Jon Garney from ShopJoy said he found the draft disappointing, though not at all surprising.
“The ATO’s policies have always been on the conservative side. Fair enough if they want to close a loophole and make sure that income from Bitcoin is taxed just like any other income. They want everything to be proper, and there’s nothing wrong with that.”
He added that he had hoped the ATO would assist Australian startups, who were usually time-poor with limited resources for complicated bookkeeping, as they struggled to get off the ground and compete in a global market.
CoinTree, a service for buying and selling bitcoin, said it will be business as usual for a majority of its users. CEO Shane Stevenson said the company would implement additional features to assist users in filing tax returns and dealing with GST implications.
Businesses will go offshore, warns commerce association
Ron Tucker, chairman delegate of the Australian Digital Currency Commerce Association (ADCCA) and CEO of Sydney startup Bit Trade Australia, said the ATO’s approach to the impact of GST on bitcoin transactions was “impractical” and took a line that had already been rejected by other jurisdictions, such as the UK.
“The ATO has engaged in the process of consultation but there is no evidence in the ATO’s paper that they have responded to the issues raised by the bitcoin industry and the practical problems pointed out to them. Indeed, the approach of the ATO rejects the international trend.”
Rather than become a regional center for innovation, the new rules would more likely see bitcoin driven underground and startups move offshore. Several proprietors, Tucker continued, had already expressed they would consider relocating.
He added it was now up to the government to respond with legislative change to avoid stifling a budding industry.
“This is the beginning, rather than the end of discussions on this issue and the ADCCA looks forward to a continuing dialogue with the ATO.”
Consultation a positive sign
Amor Sexton, a leading digital currency-focused lawyer with Adroit Lawyers in Sydney, told CoinDesk the bitcoin industry’s reaction would likely be mixed, but was happy with the ATO’s level of consultation.
“The very fact that the tax office is taking the time to go through the consultation process, and get this far, shows there’s some legitimacy to the concept of bitcoin being money.”
Bitcoin adoption rates were still relatively small compared to the rest of the economy, she added.
“The fact that it’s gotten this much attention from the tax office is a really good thing. Even if you don’t end up getting the answer you want in the short term, I think it sets the stage for a consultation process that will see change later on.”
Sexton co-wrote a research paper on behalf of the Bitcoin Association of Australia with recommendations on how the ATO should tax bitcoin, which was presented to the agency at the beginning of June.
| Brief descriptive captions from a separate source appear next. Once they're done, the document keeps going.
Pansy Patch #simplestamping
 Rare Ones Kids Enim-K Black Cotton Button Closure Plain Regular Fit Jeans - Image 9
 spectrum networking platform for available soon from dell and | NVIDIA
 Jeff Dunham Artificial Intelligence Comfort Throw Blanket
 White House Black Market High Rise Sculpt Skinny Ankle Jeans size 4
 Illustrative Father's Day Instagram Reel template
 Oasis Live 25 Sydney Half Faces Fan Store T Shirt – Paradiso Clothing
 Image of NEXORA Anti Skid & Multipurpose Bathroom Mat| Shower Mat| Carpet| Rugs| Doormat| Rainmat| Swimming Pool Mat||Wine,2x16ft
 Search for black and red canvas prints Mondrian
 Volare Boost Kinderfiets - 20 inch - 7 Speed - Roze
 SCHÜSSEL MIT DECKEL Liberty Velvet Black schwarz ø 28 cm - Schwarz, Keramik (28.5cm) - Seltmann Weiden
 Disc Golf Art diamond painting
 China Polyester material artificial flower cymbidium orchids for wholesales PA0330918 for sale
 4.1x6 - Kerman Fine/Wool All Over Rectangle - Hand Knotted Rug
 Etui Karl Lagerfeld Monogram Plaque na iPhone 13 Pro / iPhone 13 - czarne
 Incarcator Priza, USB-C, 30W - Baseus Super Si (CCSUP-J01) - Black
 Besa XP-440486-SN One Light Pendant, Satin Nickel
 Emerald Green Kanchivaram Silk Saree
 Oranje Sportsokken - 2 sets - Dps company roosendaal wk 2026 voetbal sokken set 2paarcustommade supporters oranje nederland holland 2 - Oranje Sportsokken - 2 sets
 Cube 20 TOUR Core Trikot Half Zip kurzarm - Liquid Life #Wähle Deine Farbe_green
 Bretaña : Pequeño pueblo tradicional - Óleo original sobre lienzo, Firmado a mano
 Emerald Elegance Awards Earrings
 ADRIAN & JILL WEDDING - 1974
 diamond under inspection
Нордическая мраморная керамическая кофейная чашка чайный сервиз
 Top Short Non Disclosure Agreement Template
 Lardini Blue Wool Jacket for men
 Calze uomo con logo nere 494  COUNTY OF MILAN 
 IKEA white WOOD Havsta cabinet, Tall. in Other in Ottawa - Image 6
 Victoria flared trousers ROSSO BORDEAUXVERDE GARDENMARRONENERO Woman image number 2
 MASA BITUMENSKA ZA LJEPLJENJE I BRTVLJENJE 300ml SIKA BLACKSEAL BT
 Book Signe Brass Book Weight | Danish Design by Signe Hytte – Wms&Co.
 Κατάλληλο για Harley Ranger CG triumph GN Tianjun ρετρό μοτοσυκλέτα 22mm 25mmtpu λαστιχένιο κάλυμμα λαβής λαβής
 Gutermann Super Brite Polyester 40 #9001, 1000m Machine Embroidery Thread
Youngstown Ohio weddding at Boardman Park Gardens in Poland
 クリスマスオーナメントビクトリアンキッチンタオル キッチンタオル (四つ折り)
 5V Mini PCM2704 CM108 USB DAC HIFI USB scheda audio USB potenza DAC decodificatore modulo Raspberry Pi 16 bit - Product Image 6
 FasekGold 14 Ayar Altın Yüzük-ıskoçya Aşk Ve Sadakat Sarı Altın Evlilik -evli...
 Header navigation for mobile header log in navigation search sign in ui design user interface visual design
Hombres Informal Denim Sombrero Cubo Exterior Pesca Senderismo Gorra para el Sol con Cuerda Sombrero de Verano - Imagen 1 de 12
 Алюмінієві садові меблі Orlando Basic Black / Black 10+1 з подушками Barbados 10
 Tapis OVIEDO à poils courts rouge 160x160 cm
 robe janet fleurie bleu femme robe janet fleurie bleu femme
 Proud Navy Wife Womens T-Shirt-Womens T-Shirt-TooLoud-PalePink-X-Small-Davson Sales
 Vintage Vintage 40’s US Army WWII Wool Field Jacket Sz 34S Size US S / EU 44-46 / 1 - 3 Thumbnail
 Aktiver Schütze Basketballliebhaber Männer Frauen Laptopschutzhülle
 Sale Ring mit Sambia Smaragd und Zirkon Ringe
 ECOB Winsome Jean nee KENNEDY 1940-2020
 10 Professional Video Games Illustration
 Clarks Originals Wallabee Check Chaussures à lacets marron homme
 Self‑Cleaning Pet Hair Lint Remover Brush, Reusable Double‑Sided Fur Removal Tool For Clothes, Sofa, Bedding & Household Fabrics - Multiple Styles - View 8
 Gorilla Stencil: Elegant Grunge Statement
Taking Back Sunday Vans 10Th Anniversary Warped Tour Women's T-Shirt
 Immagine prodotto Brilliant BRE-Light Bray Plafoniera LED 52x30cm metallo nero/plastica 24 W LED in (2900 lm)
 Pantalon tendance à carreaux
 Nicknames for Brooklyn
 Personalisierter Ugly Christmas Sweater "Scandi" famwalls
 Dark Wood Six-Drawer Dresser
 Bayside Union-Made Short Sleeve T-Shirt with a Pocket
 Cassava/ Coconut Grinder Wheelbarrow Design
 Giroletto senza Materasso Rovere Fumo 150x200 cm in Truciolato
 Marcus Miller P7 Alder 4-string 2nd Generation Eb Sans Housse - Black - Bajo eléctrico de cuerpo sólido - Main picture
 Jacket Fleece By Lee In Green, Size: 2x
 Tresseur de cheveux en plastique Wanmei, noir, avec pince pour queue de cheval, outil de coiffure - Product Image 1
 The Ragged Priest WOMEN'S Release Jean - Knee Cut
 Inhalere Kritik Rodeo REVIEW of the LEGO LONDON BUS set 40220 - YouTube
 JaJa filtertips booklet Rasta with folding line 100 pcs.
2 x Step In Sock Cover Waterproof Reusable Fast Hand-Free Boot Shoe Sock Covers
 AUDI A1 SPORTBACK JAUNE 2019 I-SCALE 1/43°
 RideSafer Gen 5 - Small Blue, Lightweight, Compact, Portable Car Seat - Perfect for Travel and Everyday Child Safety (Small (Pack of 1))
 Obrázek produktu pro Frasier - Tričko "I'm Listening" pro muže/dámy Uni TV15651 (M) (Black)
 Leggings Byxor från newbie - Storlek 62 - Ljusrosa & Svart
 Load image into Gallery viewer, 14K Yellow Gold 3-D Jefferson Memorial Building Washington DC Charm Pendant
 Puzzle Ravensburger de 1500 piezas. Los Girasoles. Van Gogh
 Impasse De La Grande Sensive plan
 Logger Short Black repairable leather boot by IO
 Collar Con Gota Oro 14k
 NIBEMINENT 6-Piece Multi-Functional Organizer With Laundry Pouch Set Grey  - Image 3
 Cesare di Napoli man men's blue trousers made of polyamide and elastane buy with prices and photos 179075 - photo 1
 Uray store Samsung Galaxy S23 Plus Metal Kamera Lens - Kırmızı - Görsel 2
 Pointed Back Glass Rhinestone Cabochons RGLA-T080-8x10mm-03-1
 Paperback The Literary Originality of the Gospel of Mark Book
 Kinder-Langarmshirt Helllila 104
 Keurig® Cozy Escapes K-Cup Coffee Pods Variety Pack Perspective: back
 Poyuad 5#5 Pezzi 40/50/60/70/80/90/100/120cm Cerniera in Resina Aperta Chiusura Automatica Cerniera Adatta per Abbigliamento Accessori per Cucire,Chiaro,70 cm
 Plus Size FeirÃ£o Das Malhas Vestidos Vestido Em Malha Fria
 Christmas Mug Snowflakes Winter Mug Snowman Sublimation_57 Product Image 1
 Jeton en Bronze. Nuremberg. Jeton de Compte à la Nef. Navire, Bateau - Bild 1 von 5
That paper had recommended bitcoin be treated as money to avoid double-taxing through GST.
The ATO announced its intention to issue bitcoin tax rulings in February, initially intending to release detailed guidelines by the end of the 2013-14 financial year on 30th June. Later, however, it decided to delay its announcement in order to provide a “comprehensive and robust” ruling and seek additional legal advice on the matter.
CoinDesk will continue to update this developing story as more information becomes available.